Capitulo 20

ASHLEY POV

Cuando abrí los ojos Andy seguía durmiendo plácidamente a mi lado. Era hermoso. Parecía un niño pequeño. Miré el reloj y me sorprendí de lo mucho que nos había dejado dormir mi madre. Sentí un mareo cuando salí de la cama y me puse en pie. Había llorado mucho antes de conseguir quedarme dormido y ahora era yo el que necesitaba una aspirina. Andy gimió cuando notó el hueco que yo había dejado en el colchón y se encogió un poco. Le coloqué mejor la sábana y le dí un beso en la sien. En ese momento abrió los ojos lentamente, acostumbrándose a la luz del sol y confundido por lo que estaba pasando. Me arrodillé junto al colchón y le acaricié el pelo antes de decirle.

-Buenos días.

En mi cara se dibujaba una sonrisa que creo que nunca había experimentado. La felicidad que sentía en ese momento me presionaba el pecho y tenía ganas de gritar. Andy también sonrió y se frotó los ojos antes de intentar incorporarse.

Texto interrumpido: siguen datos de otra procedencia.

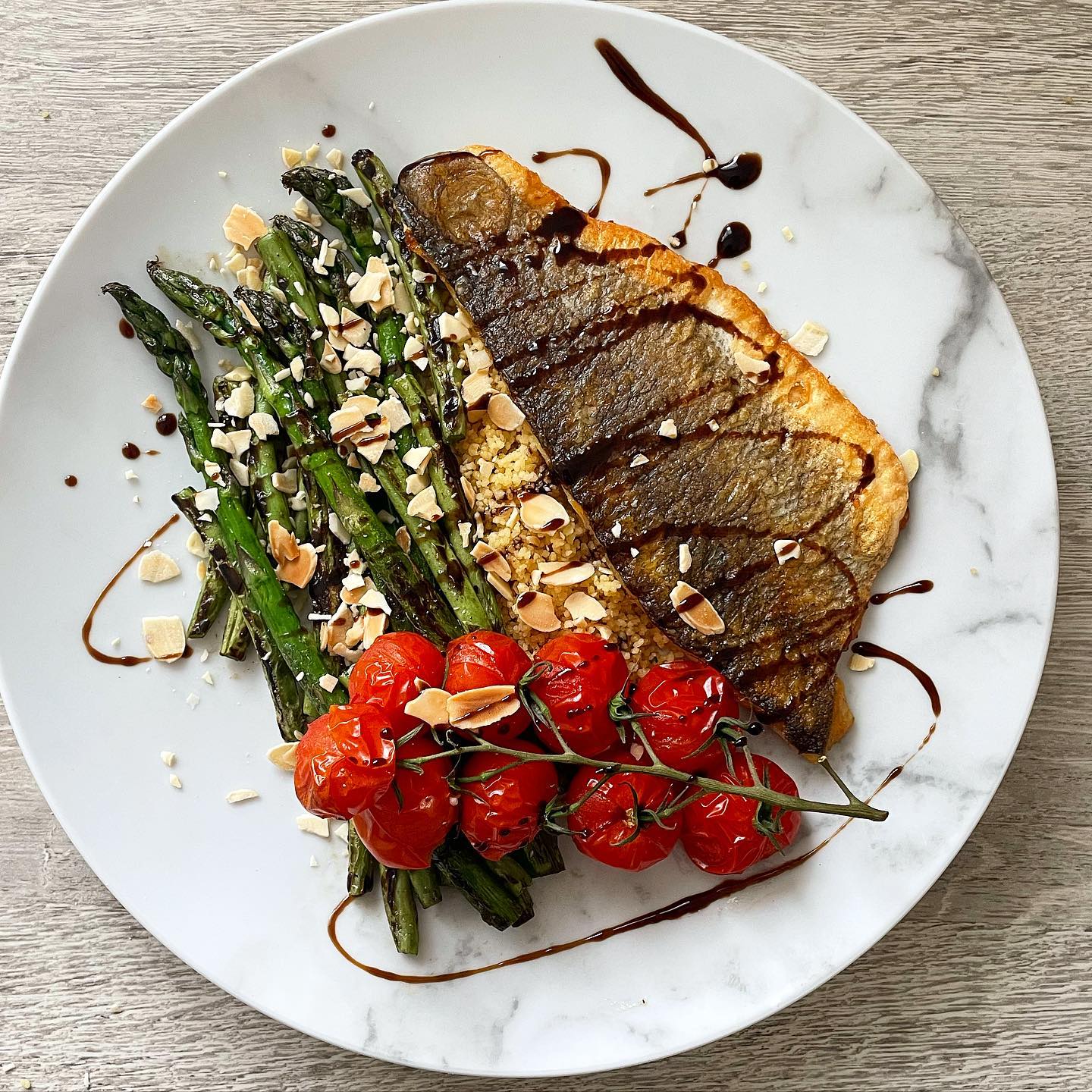 Pan fried seabass, asparagus, brocolli, cous cous and roasted vine tomatoes, topped with toasted almonds and drizzled with balsamic👌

-¡No te levantes todavía!-le dije empujándolo hasta obligarle a tumbarse de nuevo.-Esperame aquí¿vale?

Salí de la habitación rápidamente cerrando la puerta detrás de mí. Antes de seguir mi camino, dí media vuelta y volví a entrar para decirle:

-Uhm...Si necesitas ir al baño te doy permiso para hacerlo pero...¡Date prisa!

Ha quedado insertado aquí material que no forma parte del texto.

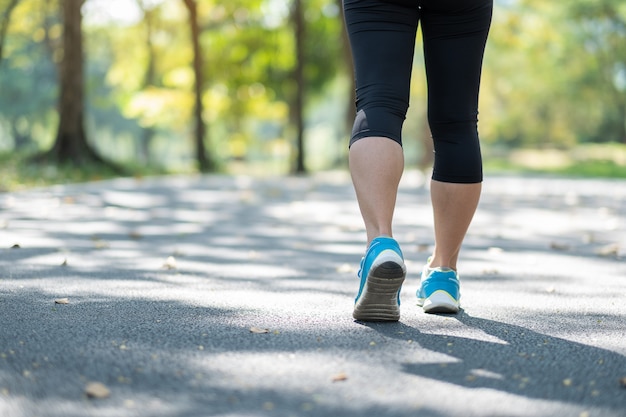 Jeune femme fitness jambes marchant dans le parc en plein air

Andy soltó una carcajada mientras yo volvía a cerrar la puerta detrás de mí. Bajé a la cocina y encontré a mis padres terminando de desayunar.

-¡Ashley, cariño!¿Por qué os habéis levantado tan tarde?-preguntó mi madre preocupada.

-Umm, a Andy le sigue doliendo la cabeza. Ha pasado mala noche.

-¡Oh!Pobre chico.

-Si, eh... No se encuentra muy bien así que¿por qué no os vais vosotros solos a la playa mientras yo me quedo aquí por si necesita algo?

-¿En serio harías eso?

Asentí con la cabeza. Ella sonrió sorprendida por que de repente me cayera bien y dio un último sorbo a su café.

-Genial entonces. Tu padre y yo nos iremos enseguida, para molestar lo menos posible.

Se lo había tragado. Su cara de preocupación me hacía sentirme culpable pero necesitaba una excusa para quedarme en casa con él.

Oí el sonido de la puerta del baño de arriba. Andy había entrado. Debía darme prisa para no hacerle esperar mucho. Puse una buena ración de huevos con bacon en la sartén y puse en marcha la tostadora. No sabía que era exactamente lo que desayunaba a Andy así que iba a preparale de todo. Serví una taza de café y la puse en una gran bandeja, acompañada de un vaso de zumo de naranja, mermelada, mantequilla y una fuente con los huevos y el bacon que había preparado. Volví a escuchar la puerta del baño que indicaba que Andy había salido. Subí las escaleras sigilosamente para asegurarme de que volvía a la habitación como yo había planeado. Así lo hizo. Cuando me dispuse a bajar las escaleras mis padres salieron de su habitación con las bolsas preparadas para irse.

-¿Vas a subir otra vez?-Me preguntó mi madre.

-Ehh, sí, voy al baño, prefiero el de arriba.

-Nosotros nos vamos ya, llamad si tenéis algún problema.-Dijo mi padre.

Acto seguido bajaron las escaleras mientras yo los esquivaba para subirlas. Entré en el baño y oriné antes de lavarme concienzudamente los dientes para agradar a Andy. Volví a la cocina y puse las tostadas ya hechas en la bandeja, la cogí con ambas manos y volvía la habitación.

Andy me esperaba incorporado en su cama. Cuando me vio entrar con la bandeja, sonrió ilusionado como a un niño cuando le dan su regalo de navidad. Se echó a un lado y me miró hasta que me senté en el borde de su cama. Cuando lo hice, me agarró la mandíbula con una mano y me dio un beso dulce en los labios. Sonreí de nuevo. Sentía ganas de agarrarle del cuello y empezar una larga sesión de besos pero la bandeja del desayuno me lo impedía. La puse entre los dos y Andy dio un sorbo al zumo de naranja. Cogí el café y nos quedamos en silencio.